ECLI:NL:RBNHO:2020:8905
Rechtbank Noord-Holland
- Eerste aanleg - enkelvoudig
- Rechtspraak.nl
Beroep tegen vastgestelde WOZ-waarde van een onroerende zaak met gemeentelijke monumentstatus
In deze zaak heeft de Rechtbank Noord-Holland op 12 november 2020 uitspraak gedaan in een geschil over de vastgestelde waarde van een onroerende zaak, in het kader van de Wet waardering onroerende zaken (Wet WOZ). Eiseres, de eigenaar van de woning, had bezwaar gemaakt tegen de door de heffingsambtenaar van de gemeente Cocensus vastgestelde WOZ-waarde van € 578.000 voor het kalenderjaar 2019. Eiseres stelde dat de waarde te hoog was en concludeerde tot een verlaging naar € 520.000, onderbouwd door een taxatierapport van Kroon van Diest Makelaardij B.V. Verweerder, de heffingsambtenaar, had het bezwaar ongegrond verklaard en verwees naar een matrix met verkoopgegevens van vergelijkingsobjecten.
Tijdens de zitting op 29 oktober 2020 heeft de rechtbank de argumenten van beide partijen gehoord. Eiseres voerde aan dat de taxatie van de woning niet correct was en dat de gemeentelijke monumentstatus een waardeverminderende invloed had. De rechtbank overwoog dat verweerder voldoende aannemelijk had gemaakt dat de WOZ-waarde niet te hoog was vastgesteld, onder andere door de vergelijkingsobjecten en de berekeningen van de inhoud van de woning. De rechtbank concludeerde dat de waarde in een juiste verhouding stond tot de verkoopprijzen van de vergelijkingsobjecten en dat de kwaliteit van de woning adequaat was verdisconteerd in de vastgestelde waarde.

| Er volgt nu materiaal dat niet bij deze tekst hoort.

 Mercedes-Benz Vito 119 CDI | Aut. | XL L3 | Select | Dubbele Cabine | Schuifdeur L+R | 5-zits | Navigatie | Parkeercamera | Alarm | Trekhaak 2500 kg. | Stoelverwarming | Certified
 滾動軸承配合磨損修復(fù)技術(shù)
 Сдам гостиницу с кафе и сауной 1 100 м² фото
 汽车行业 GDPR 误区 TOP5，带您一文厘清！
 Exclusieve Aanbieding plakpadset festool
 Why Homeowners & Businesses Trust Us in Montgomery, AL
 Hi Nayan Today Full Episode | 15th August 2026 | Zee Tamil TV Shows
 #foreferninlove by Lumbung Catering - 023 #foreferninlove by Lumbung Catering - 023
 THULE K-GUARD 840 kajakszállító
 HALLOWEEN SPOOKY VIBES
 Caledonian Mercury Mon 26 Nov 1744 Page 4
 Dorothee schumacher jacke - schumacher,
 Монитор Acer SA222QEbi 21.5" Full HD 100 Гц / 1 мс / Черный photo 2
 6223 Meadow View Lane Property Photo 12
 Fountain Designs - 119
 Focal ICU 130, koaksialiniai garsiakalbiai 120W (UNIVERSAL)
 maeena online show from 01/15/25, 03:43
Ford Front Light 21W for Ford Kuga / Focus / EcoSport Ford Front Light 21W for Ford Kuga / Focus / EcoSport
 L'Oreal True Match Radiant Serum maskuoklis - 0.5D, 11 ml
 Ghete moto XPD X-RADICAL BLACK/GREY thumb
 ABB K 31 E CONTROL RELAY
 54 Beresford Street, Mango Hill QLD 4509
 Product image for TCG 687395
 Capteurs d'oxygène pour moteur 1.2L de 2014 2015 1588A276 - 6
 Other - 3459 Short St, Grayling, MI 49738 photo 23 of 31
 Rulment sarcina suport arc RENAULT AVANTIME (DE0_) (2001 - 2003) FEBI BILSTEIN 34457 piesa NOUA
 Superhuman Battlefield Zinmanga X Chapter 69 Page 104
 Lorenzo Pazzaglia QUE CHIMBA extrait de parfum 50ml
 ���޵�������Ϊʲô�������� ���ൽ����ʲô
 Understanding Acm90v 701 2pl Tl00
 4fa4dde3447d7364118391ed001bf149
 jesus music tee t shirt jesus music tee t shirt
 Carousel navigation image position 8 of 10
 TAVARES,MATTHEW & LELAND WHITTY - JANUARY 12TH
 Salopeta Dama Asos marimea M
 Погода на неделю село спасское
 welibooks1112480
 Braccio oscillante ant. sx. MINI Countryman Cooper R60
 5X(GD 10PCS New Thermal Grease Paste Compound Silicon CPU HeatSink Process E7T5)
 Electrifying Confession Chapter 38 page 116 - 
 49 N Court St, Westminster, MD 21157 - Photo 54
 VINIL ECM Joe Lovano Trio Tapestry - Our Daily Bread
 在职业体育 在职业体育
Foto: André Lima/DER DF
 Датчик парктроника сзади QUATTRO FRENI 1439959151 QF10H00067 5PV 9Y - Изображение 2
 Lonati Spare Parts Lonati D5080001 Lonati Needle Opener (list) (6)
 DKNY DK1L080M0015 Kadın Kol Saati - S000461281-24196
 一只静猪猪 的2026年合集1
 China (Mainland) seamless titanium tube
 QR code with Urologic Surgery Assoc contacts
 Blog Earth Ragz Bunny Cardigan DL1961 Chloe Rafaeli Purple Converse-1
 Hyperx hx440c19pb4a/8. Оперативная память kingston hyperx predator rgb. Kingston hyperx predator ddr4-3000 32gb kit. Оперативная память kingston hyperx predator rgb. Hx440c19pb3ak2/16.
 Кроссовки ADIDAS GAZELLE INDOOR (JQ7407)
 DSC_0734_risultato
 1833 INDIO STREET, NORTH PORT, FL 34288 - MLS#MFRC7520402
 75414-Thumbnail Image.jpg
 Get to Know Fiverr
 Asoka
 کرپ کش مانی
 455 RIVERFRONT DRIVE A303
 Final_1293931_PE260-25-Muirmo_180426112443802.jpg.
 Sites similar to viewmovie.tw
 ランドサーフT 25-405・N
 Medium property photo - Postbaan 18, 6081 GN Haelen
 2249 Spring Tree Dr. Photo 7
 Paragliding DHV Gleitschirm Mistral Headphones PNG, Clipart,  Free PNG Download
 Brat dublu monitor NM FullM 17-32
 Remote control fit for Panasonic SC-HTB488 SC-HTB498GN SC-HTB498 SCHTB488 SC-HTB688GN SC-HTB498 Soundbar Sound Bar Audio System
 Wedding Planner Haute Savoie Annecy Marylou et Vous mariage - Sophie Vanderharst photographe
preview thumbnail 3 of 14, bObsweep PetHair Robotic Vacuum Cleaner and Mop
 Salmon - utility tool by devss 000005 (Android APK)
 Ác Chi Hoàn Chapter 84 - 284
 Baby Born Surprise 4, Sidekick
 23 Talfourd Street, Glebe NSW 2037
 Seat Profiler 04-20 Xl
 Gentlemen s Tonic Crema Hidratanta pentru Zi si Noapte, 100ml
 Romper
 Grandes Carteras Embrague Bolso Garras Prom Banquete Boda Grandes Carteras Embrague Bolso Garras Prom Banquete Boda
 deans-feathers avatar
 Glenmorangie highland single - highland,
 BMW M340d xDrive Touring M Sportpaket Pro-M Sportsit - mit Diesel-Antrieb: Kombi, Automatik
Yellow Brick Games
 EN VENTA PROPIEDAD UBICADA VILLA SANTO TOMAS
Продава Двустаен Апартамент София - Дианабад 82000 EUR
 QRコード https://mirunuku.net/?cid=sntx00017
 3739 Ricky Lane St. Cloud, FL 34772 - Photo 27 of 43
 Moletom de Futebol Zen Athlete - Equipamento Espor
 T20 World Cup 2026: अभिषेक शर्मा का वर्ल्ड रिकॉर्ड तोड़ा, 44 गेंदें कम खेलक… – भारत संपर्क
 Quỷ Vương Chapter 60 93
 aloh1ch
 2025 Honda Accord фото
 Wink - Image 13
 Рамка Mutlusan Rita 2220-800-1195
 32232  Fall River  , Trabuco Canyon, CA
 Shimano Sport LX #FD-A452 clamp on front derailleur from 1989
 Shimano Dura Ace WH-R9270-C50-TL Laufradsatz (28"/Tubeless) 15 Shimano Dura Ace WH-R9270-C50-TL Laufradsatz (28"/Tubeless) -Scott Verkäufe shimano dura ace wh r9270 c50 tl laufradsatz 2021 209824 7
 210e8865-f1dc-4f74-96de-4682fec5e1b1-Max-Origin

Uiteindelijk verklaarde de rechtbank het beroep ongegrond, zonder aanleiding voor een proceskostenveroordeling. De uitspraak werd niet openbaar uitgesproken vanwege coronamaatregelen, maar zal alsnog openbaar worden gemaakt zodra dat weer mogelijk is. Partijen hebben de mogelijkheid om binnen zes weken hoger beroep in te stellen bij het gerechtshof Amsterdam.